TASK:
Take the line that holds "How to add an" and every line after it to the end of the entries, and repeat them exactly without the pictures.

INPUT:
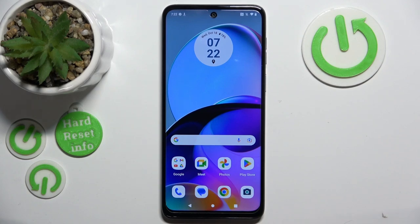Hello, in this video I will show you how to take macro photos on Motorola G14.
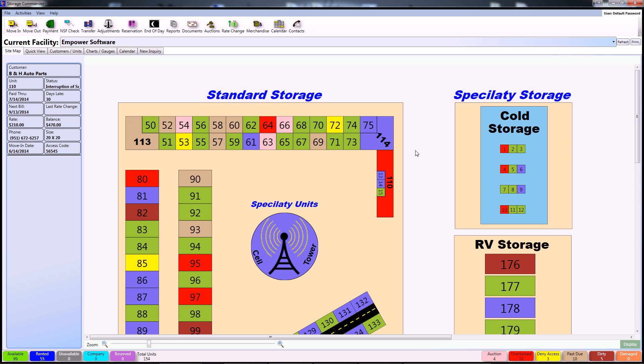Hello and welcome to the Storage Commander Network. This is going to be a short video on showing you how to complete a basic rate change using Storage Commander.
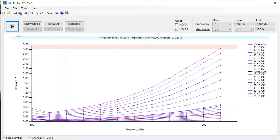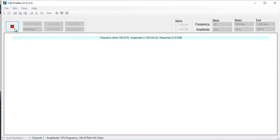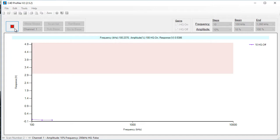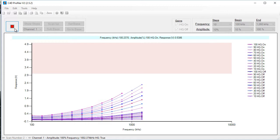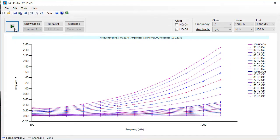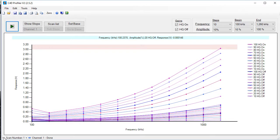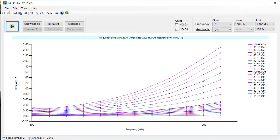Now we're ready to do a second run, so click the green arrow. Now it's going to do a new second profile with the diluted background electrolyte. When it's finished, you should see a very similar profile to the first one. We can change between the first scan and the second scan. In the second scan, which is the diluted background electrolyte, the points show a slightly lower response.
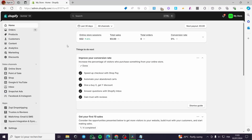How to add an 'Order on WhatsApp' button in Shopify. Hello guys and welcome to this new tutorial. Today I am going to show you how you can add an 'Order on WhatsApp' button into your Shopify store. It is very easy and very simple — all you have to do is follow the tutorial from the beginning till the end and you will be good to go.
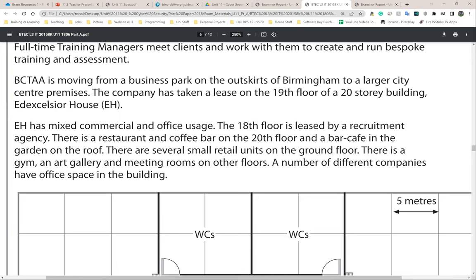Full-time training managers meet clients and work with them to create and run bespoke training. BCTA is moving from a business park on the outskirts of Birmingham to a larger city center premises. The company has taken a lease on the 19th floor of a 20-story building. I would make a note of this — they're only renting one floor, so the other 19 floors will have other businesses, meaning they're sharing the space with other companies. Sharing space could be a security risk.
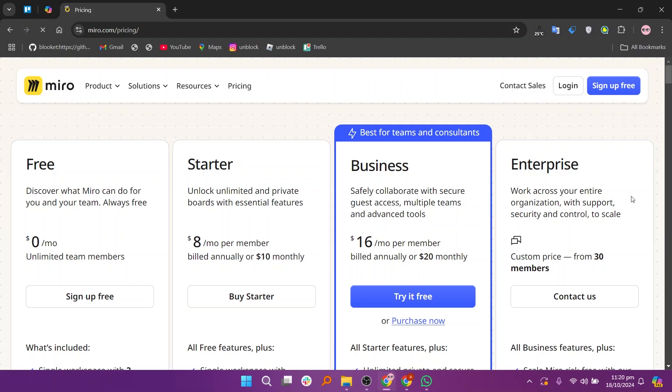So that's the comparison between FigJam and Miro. Make sure to use the links given down in the description to get started with either FigJam or Miro.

EXERCISE RESULT:
How to add an 'Order on WhatsApp' button in Shopify. Hello guys and welcome to this new tutorial. Today I am going to show you how you can add an 'Order on WhatsApp' button into your Shopify store. It is very easy and very simple — all you have to do is follow the tutorial from the beginning till the end and you will be good to go.
Full-time training managers meet clients and work with them to create and run bespoke training. BCTA is moving from a business park on the outskirts of Birmingham to a larger city center premises. The company has taken a lease on the 19th floor of a 20-story building. I would make a note of this — they're only renting one floor, so the other 19 floors will have other businesses, meaning they're sharing the space with other companies. Sharing space could be a security risk.
So that's the comparison between FigJam and Miro. Make sure to use the links given down in the description to get started with either FigJam or Miro.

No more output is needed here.